Mit dem kleinen, aber entscheidenden Unterschied, dass das Auftanken gerade mal drei Minuten dauert – in etwa so kurz wie ein Tankstopp mit konventionellem Diesel oder Benziner. Ideal vor allem für gewerbliche Flottenkunden, die überwiegend lange Strecken zurücklegen beziehungsweise schnell auftanken müssen. Weswegen Opel ausgerechnet einen Lieferwagen als erstes Fahrzeug mit einem Brennstoffzellenantrieb ausrüstet. „Es gibt viele Branchen, in denen die Mitarbeiter ihr Fahrzeug über Nacht an der Straße parken und keine Möglichkeit haben, aufzuladen“, weiß Thiesen. Das Spektrum reicht hier von Servicetechnikern, Monteuren, Kurierfahrern und Paketzustellern bis zu Kommunen, Stadtwerken und Energieversorgern. Kurze Stehzeiten bedeuten hier im Alltagsbetrieb bares Geld. Als erstes Unternehmen hat denn auch der Haushaltsgerätehersteller Miele nach mehrwöchiger Testphase zwei Vivaro e-Hydrogen an die individuellen Anforderungen seines Kundendienstes angepasst, um damit nun im Anschluss Servicefahrten im Rhein-Main-Gebiet zu übernehmen.

So schnell und einfach wie der Brennstoffzellen-Van wieder aufgetankt und fahrbereit ist, so langwierig und mühsam ist es allerdings zurzeit noch, an den begehrten Wasserstoff zu kommen. Aktuell umfasst das Tankstellennetz gerade mal knapp 100 öffentlich zugängliche Zapfsäulen von H2-Mobility, flächendeckend verteilt über das gesamte Bundesgebiet. Dort kostet das Kilo Wasserstoff zurzeit einheitliche 12,85 Euro, macht für die angegebene WLTP-Reichweite also knapp 14,13 Euro auf 100 Kilometer. Bei den gegenwärtigen Spritpreisen ist das also mehr als konkurrenzfähig.

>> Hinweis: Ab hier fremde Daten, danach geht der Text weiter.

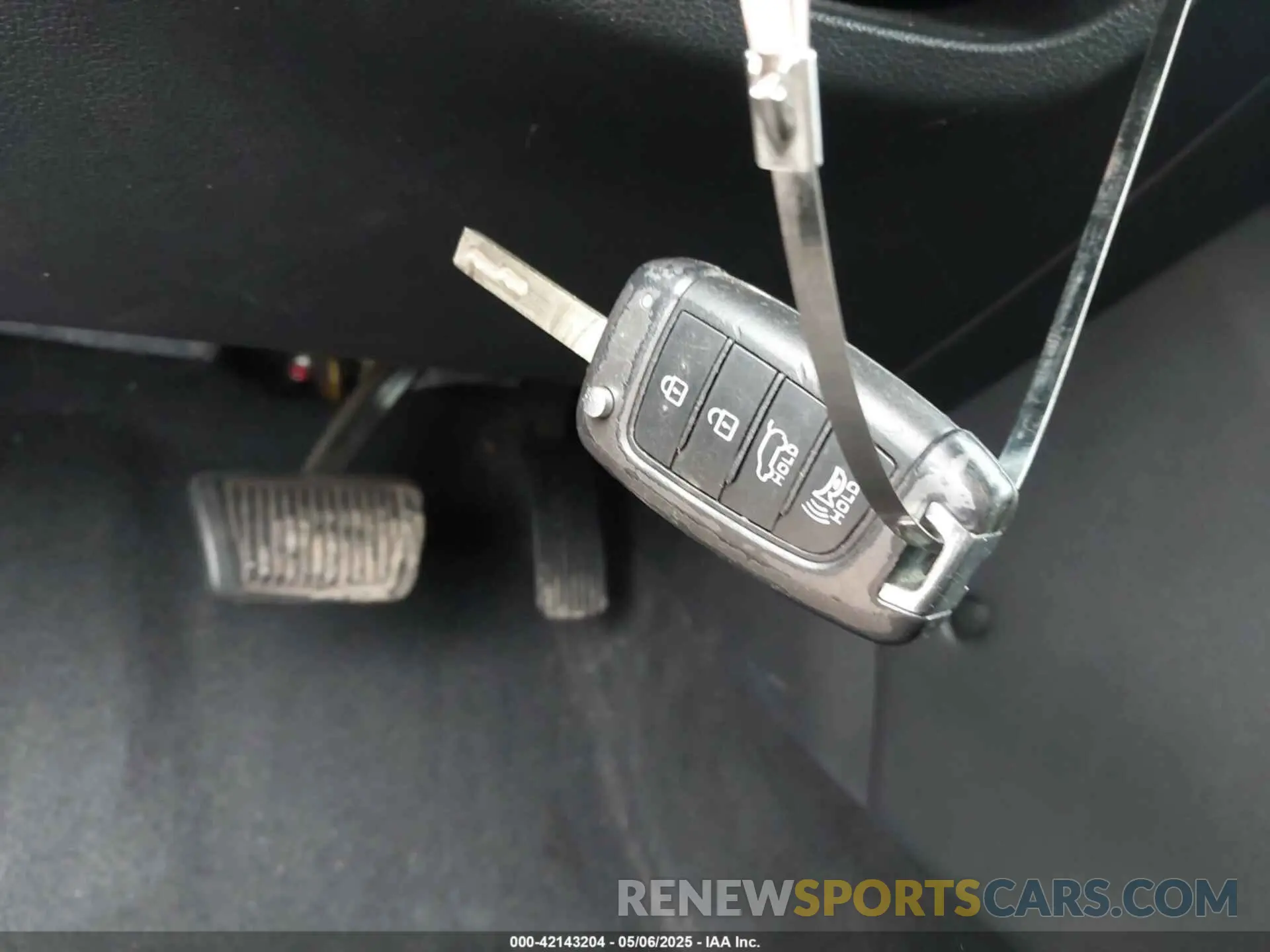 11 Photograph of a damaged car KM8K1CAA3KU290126 HYUNDAI KONA 2019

Neben dem dünnen Tankstellennetz sind auch die hohen Kosten noch ein Problem. Kaufen lässt sich der Vivaro-e Hydrogen noch nicht. Opel bietet zunächst nur eine Leasingoption mit monatlich 700 Euro. „Zurzeit sind die Komponentenkosten noch relativ hoch, weil die Stückzahlen sehr niedrig sind“, sagt Lars-Peter Thiesen. „Der Schlüssel heißt hier economies of scale“, auf deutsch: Produktionskosten, die durch steigende Stückzahlen geringer ausfallen. Genau das soll jetzt passieren. Die Rüsselsheimer Spezialabteilung, in der auch die baugleichen Stellantis-Geschwistern Peugeot e-Expert und Citroën e-Jumpy auf Brennstoffzellenantrieb umgerüstet werden, ist zurzeit auf rund 1000 Modelle pro Jahr ausgelegt. Ab 2024 sollen auch die größeren Stellantis-Transporter im Format eines Opel Movano, Fiat Iveco oder Peugeot Boxer wahlweise mit Wasserstoff fahren, so dass die Stückzahl auf 10.000 Brennstoffzellentransporter ausgeweitet in die reguläre Fließbandproduktion integriert werden kann. Längerfristig will Stellantis die Technologie ab 2025 dann auch in den USA in den RAM-Transportern und Pick-ups anbieten.